Das Racist has been on the rise since at least 2008 their intelligence isn’t always on the surface of their music, but digging in deep, you can hear that these are rappers who are conscious, but with a huge sense of humor. “They are absolutely vigilant observers of how race still matters for people of color of all stripes (ie, black, brown, etc), says Marshall. “It’s a little hard to encapsulate, but their humor is a huge part of this. Take the line ‘White people, play this for your black friends
black people, smack them..’

Marshall says their two free mixtapes, Shut Up, Dude and Sit Down, Man were mainstays on his iPod. “They do struggle with how to make their way in such a binary (i.e., white & black) system (i.e., hip-hop and the USA), ” he says.
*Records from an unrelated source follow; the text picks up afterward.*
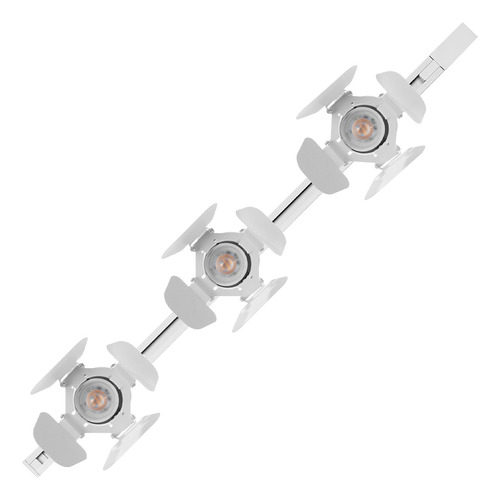 Kit De Riel 1 Metro Para Sobreponer 3 Spots Illux Tl-5141.r Estructura Blanco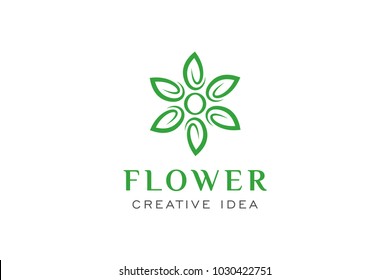 Flower and Leaf Logo Icon Template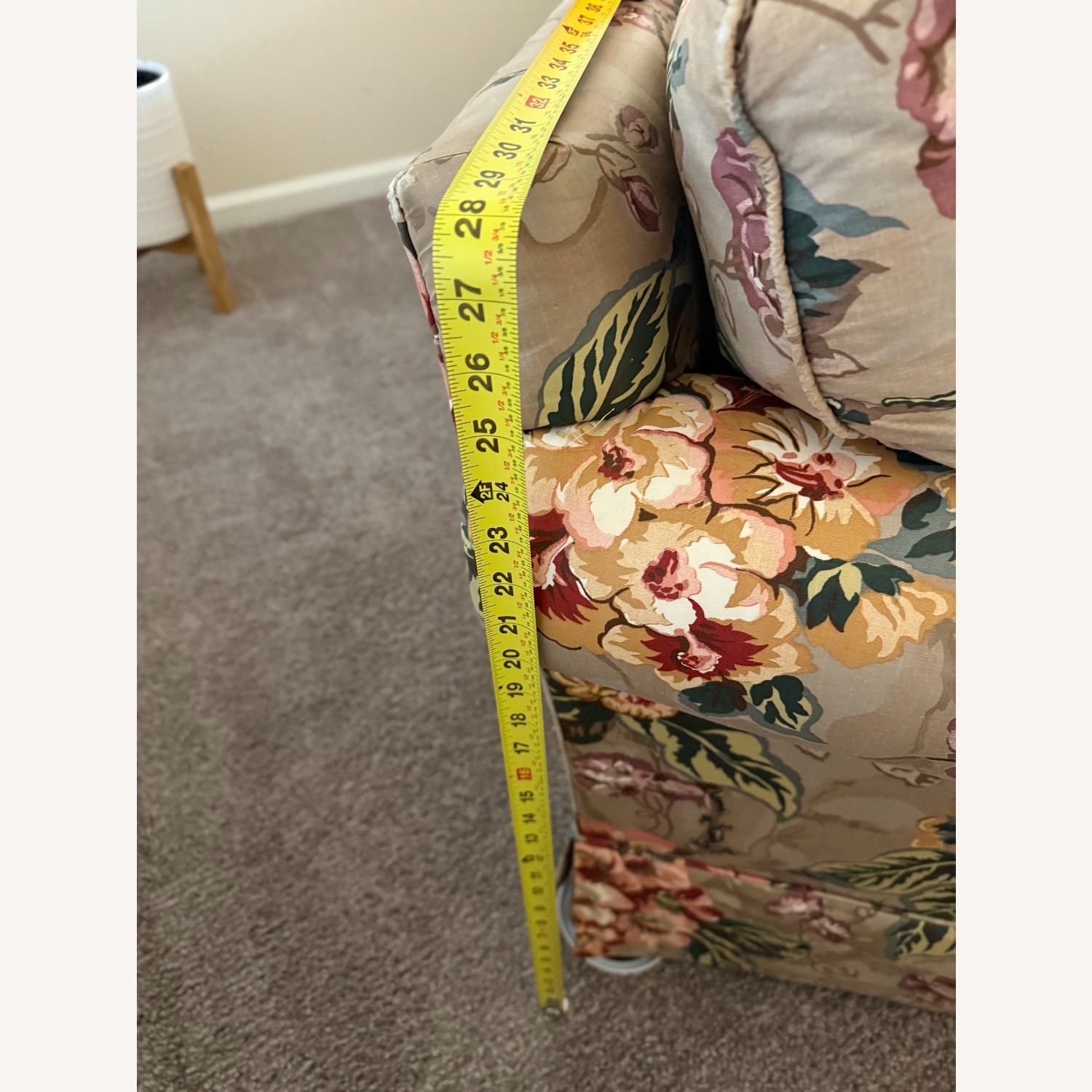 1990's Custom Taupe Floral 3-Piece Sofa - image-19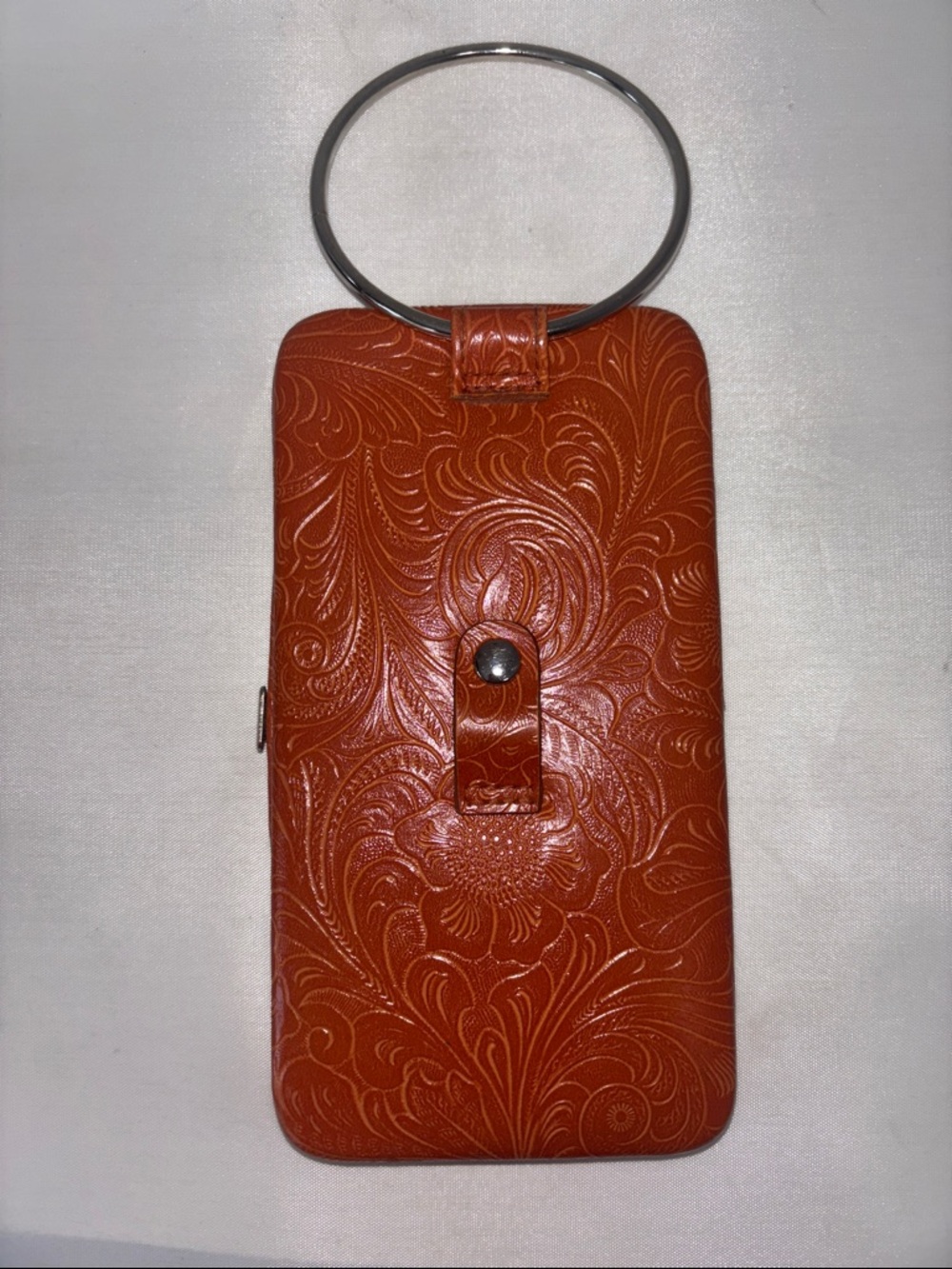 Orange Leather Wristlet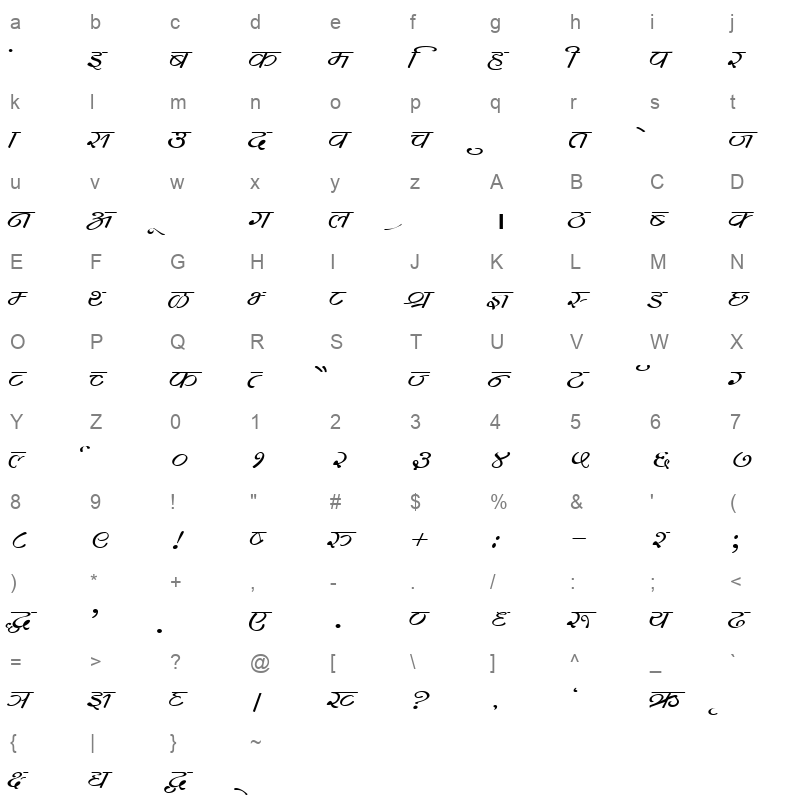 DevLys 260 Wide Normal Character Map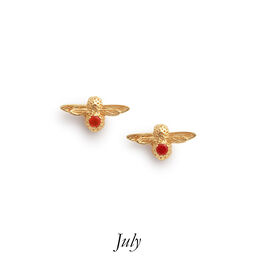 Celebration Bee Studs Gold & Red Agate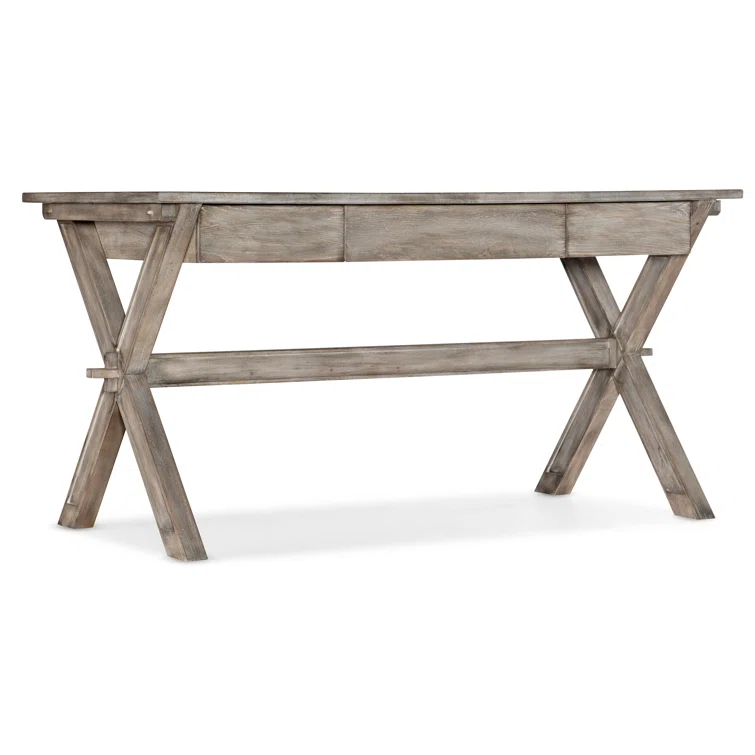 Transitional Gray 60'' Oak Veneer Home Office Desk with Drawer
Los Angeles music journalist and blogger Jeff Weiss says this brand of hip-hop isn’t something new.

“There is precedent for dudes like this — dudes like J-Zone, Open Mike Eagle, Prince Paul/Handsome Boy Modeling School,” he says. “As Immortal Technique has proven, white teenagers like nothing more than to allay their guilt by being told that they are the problem,” he says.

One of the paradoxes of Das Racist is that their overall style and persona is lost on hardcore hip-hop fans and they are distanced from the popularity of Lil’ Wayne and Jay-Z, though they have shared stage time with rappers like Snoop Dogg.
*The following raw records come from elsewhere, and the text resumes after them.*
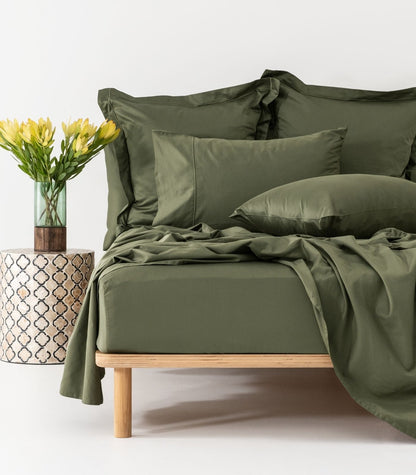 Organic Cotton Fitted - Sateen Sheet Luxe - Moss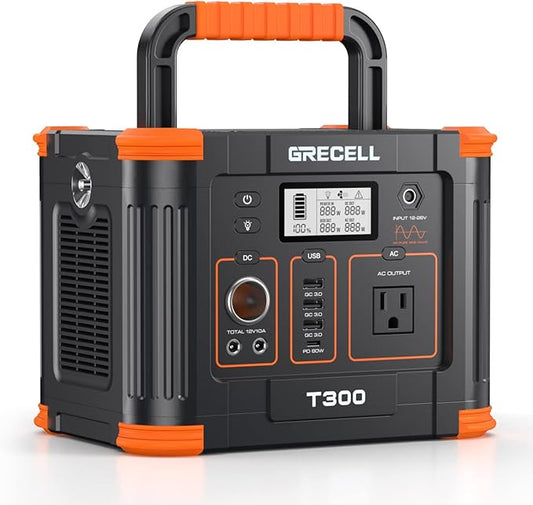 GRECELL Portable Power Station 300W (Peak 600W),GRECELL 288Wh Solar Generator with 60W USB-C PD Output, 110V Pure Sine Wave AC Outlet Backup Lithium Battery for Outdoors Camping Travel RVs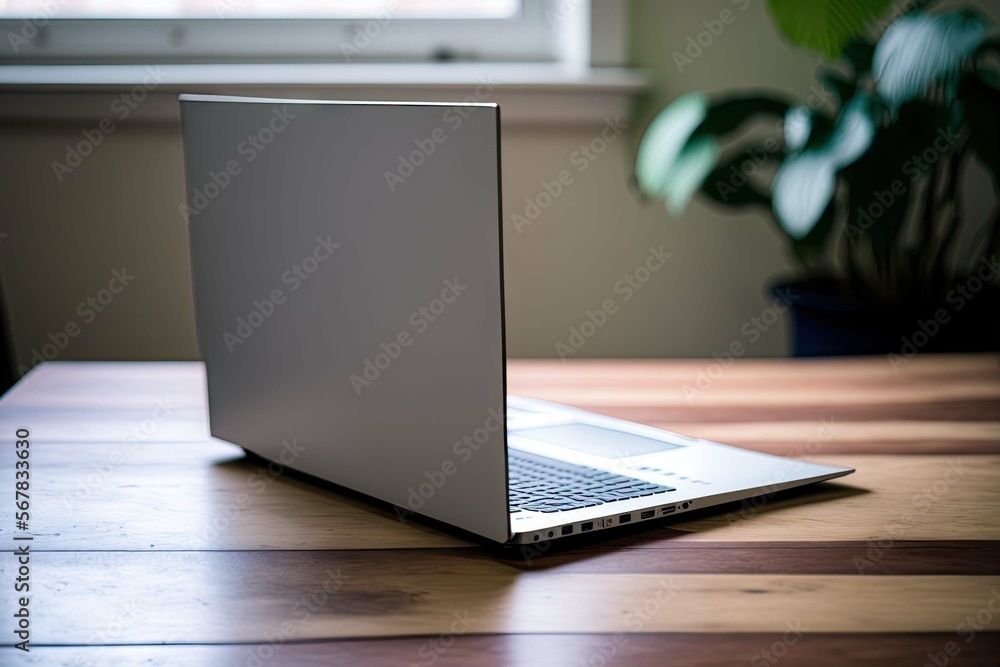 Canvas Prints Close up of a contemporary laptop on a hardwood table in a bright room. Concept of business and technology. Generative AI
“Das Racist are uniquely aware of this paradox, they have read enough criticism to know how to subvert it. It’s not really fair, but it’s smart, and that’s sort of where they fall,” adds Weiss. He doesn’t consider the group to be a purely conscious rap act, either, and the group itself would probably agree. “The conscious rapper died the day that The Roots played with Jay-Z,” he says.

Whether conscious or not, the political nature of Das Racist isn’t lost on anyone, and neither are their fun rhymes and cult-like fan base. They sold out shows in New York City and are embarking on a nationwide tour to promote Relax. If their music does one thing, its getting people to talk about them, which in reality, is the goal of anyone spitting into a microphone.